一度関わった闇金と縁を切るには、「覚悟」が必要ですが、1人で抱え込むのは辛い場合も少なくありません。

弁護士・司法書士という味方・相談相手ができるだけでも、精神的な負担はかなり小さくなります。

闇金にとって最も面倒なことは、自分が警察に摘発されることです。弁護士や司法書士がでてくれば、闇金として引き下がるほかありません。

他方で、闇金には、「素人である顧客になめられるわけにはいかない」というメンツもあります。

「顧客に簡単に逃げられた」と噂が拡がれば、闇金にとっては死活問題だからです。

弁護士や司法書士に依頼すれば、警察に被害届を出すことになった際にも、早期に捜査に着手してもらえる可能性が高くなります。

その意味でも、弁護士・司法書士に解決を依頼するのは、最も理にかなった方法であるともいえるでしょう。

相談前に情報を落ち着いて整理しましょう

一度関わってしまった闇金から1日でも早く縁を切るためには、弁護士・司法書士が迅速に対応できる状況を整えることも大切です。

たとえば、次のような情報は、弁護士・司法書士が闇金に対応する際にとても重要です。

・闇金との取引の内容(借りた額・利息の条件・これまでの返済額など)
・相手の電話番号(番号が変わった場合にはわかるかぎりすべての番号)
・SNSなどのメッセージの履歴
・電話のあった日時・回数
・ネットのアドレス(URL)
・闇金とのやりとりに利用した銀行口座の情報(銀行名・支店名・口座番号)
・あなたのキャッシュカードなどを送付することを要求された際には、闇金から指定された送付先住所
・「買取屋」や「チケット屋」を利用した場合には、換金した場所、チケットを購入した店舗などの取引に関する情報

やみくもに警察に相談しても効果がないことも

闇金行為は犯罪です。

ただ、闇金被害に遭ったからといってやみくもに警察に相談しても効果がない場合もあることに注意が必要です。

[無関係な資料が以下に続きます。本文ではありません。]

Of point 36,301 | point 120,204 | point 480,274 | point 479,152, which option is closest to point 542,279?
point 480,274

特に、被害届を出さない「相談」は、闇金を刺激するだけで逆効果になることもあります。

警察は「相談」では捜査を行ってくれません。

また、被害届を出したとしても、こちらが提出した証拠が足りない場合や、他の被害届がでていない場合には、捜査をはじめてくれないこともあります。

「警察に早く動いてもらう」ためには、弁護士や司法書士から警察に働きかけてもらうことがとても大切です。

「闇金に借りたお金は返さなくて良い」のまとめ
闇金から借金してしまう人のほとんどは「訳あり」の方です。

それ故に、闇金の問題は、消費者金融や銀行カードローンの場合よりも「1人で抱え込みやすく」なりがちです。

さらに闇金は、顧客の精神的な弱みに上手につけ込みます。

最近の闇金が、顧客の身の上話をよく聴いたりするのも「親切心」ではなく「顧客をコントロールするための手口」のひとつです。

闇金被害は、通常の借金問題以上に、1人で抱え込んだときのリスクの高いものです。

闇金とかかわってしまったときには、焦らず、落ち着いて対応し、1日でもはやく弁護士・司法書士に相談して手を切るようにしましょう。